Produtores de frutas e vitivinicultores gaúchos foram à Justiça pedir a proibição do herbicida 2,4-D no Rio Grande do Sul. Eles querem a suspensão das aplicações do herbicida no Estado, enquanto não forem tomadas medidas efetivas para evitar a deriva, como a criação de áreas de exclusão de 30 quilômetros.

Um dos grandes produtores de 2,4-D é a Corteva Agriscience, que se separou da holding DowDuPont, tornando-se uma companhia independente em 2019.

Só na uva estima-se que um milhão de garrafas de vinho deixarão de ser produzidas pela falta da fruta nos pomares. As entidades querem que o Estado ache formas mais efetivas de fiscalizar, monitorar e promover a deriva zero. As perdas já passariam de R$ 200 milhões aos produtores de culturas sensíveis.

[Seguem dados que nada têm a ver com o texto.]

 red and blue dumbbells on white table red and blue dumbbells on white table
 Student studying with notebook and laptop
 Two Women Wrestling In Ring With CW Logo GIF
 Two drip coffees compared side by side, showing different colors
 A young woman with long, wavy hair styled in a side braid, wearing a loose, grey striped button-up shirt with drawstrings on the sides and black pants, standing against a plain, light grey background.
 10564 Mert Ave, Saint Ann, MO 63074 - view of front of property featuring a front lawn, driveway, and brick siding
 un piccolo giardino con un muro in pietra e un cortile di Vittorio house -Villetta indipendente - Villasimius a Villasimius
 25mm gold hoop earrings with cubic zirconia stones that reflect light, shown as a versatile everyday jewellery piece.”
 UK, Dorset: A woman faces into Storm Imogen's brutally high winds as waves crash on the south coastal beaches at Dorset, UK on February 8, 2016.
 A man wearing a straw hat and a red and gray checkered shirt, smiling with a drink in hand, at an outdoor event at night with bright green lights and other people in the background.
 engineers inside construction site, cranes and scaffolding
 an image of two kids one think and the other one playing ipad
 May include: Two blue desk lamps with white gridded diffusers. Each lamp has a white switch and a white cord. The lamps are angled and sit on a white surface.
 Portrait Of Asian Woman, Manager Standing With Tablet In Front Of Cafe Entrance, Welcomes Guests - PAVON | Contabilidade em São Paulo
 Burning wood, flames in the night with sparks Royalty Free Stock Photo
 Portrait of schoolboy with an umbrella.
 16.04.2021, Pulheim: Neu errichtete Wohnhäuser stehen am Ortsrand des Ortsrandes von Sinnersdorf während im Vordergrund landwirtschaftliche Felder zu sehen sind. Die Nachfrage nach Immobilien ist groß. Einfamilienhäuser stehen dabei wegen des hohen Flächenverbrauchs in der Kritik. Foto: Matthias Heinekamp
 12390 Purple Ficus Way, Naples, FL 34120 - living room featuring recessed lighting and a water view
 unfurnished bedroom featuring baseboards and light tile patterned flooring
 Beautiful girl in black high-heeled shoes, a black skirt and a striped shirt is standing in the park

Mesmo assim, o agrotóxico não foi proibido pelo governo Eduardo Leite. O regramento estipulado pela Secretaria da Agricultura, Pecuária e Desenvolvimento Rural (Seadpr), somente permite a aplicação dos produtos respeitando condições meteorológicas como ventos com velocidade inferior a 10km/h, umidade relativa do ar superior a 55% e temperatura ambiente menor que 30ºC. Hã?

Aproximadamente um terço da receita das principais fabricantes de agrotóxicos do mundo vem de produtos classificados como “altamente perigosos”, que têm como destino, em sua maioria, países emergentes, como Brasil e Índia, e países pobres.

O levantamento feito pela Unearthed, organização jornalística independente financiada pelo Greenpeace, em parceria com a ONG suíça Public Eye, mostrou que, em 2018, as vendas desse tipo de pesticida renderam cerca de US$ 4,8 bilhões às cinco maiores companhias do setor.